Background information
- Born: Tulsa, Oklahoma
- Occupations: Composer; songwriter; bassist;
- Instruments: Double bass; bass guitar;

= Michael Thurber =

Michael Thurber is an American composer, songwriter, bassist and actor. He is a co-founder of CDZA, a YouTube music collective that performed at the YouTube Music Awards in 2013. Thurber has composed scores for theater productions such as Antony and Cleopatra at The Public Theater and Sugar In Our Wounds at the Manhattan Theater Club. From 2015 to 2016 he was the bassist for Stay Human, the house band on The Late Show With Stephen Colbert. He is on the Board of Directors of National Public Radio's From the Top and teaches at New York University's Clive Davis Institute.

==Early life==
Michael Thurber was born in Tulsa, Oklahoma and grew up in Portage, Indiana. He graduated high school from the Interlochen Arts Academy in 2005.

==Career==
In 2005, Thurber was accepted into The Juilliard School in New York City. He was the first undergraduate to be accepted into both the Classical and Jazz divisions. He was a member of Remington, a rock band he founded in 2005 with Ross Mintzer. In 2007, he performed on NPR's From the Top with banjo player Bela Fleck.

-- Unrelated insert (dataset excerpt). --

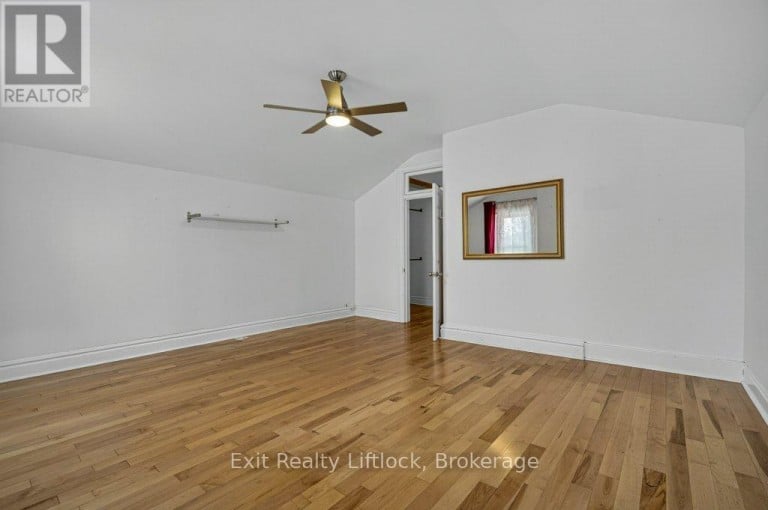212 BARNARDO AVENUE, Peterborough (Northcrest Ward 5), Ontario, K9H5V7
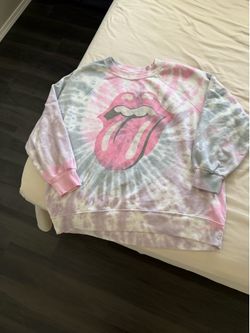 Women’s Rolling Stones sweatshirt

===Stay Human and bassist===
From 2015 to 2016, he was the bassist on CBS's The Late Show with Stephen Colbert as a member of the house band, Jon Batiste and Stay Human. While in the band, he recorded The Late Show EP. Currently, he performs international in a duo with violinist Tessa Lark.

===Cdza and YouTube===
In 2012, Thurber co-founded CDZA with Joe Sabia and Matt McCorkle. CDZA was a YouTube-based music collective that featured over 100 young, conservatory trained performers. As of 2019, the CDZA YouTube channel has over 304,000 subscribers and over 36 million views. In 2012, they created AT&T's "Thank You Notes", a digital ad campaign in collaboration with BBDO. They performed at the first ever YouTube Music Awards, headlining alongside Lady Gaga, Arcade Fire, Eminem and M.I.A. Thurber later worked with YouTube's event teams as music director.

===Theater===
Thurber wrote the score for Antony and Cleopatra, a co-production between The Royal Shakespeare Company in Stratford, UK and The Public Theater. In 2013, Thurber's musical Goddess was accepted into The Eugene O'Neill Musical Theater Conference. From 2012 to 2017, Thurber wrote the music for several of The Public Theater's Mobile Shakespeare productions including Pericles, Macbeth, and Twelfth Night. Thurber also acted in Twelfth Night, performing the role of Antonio.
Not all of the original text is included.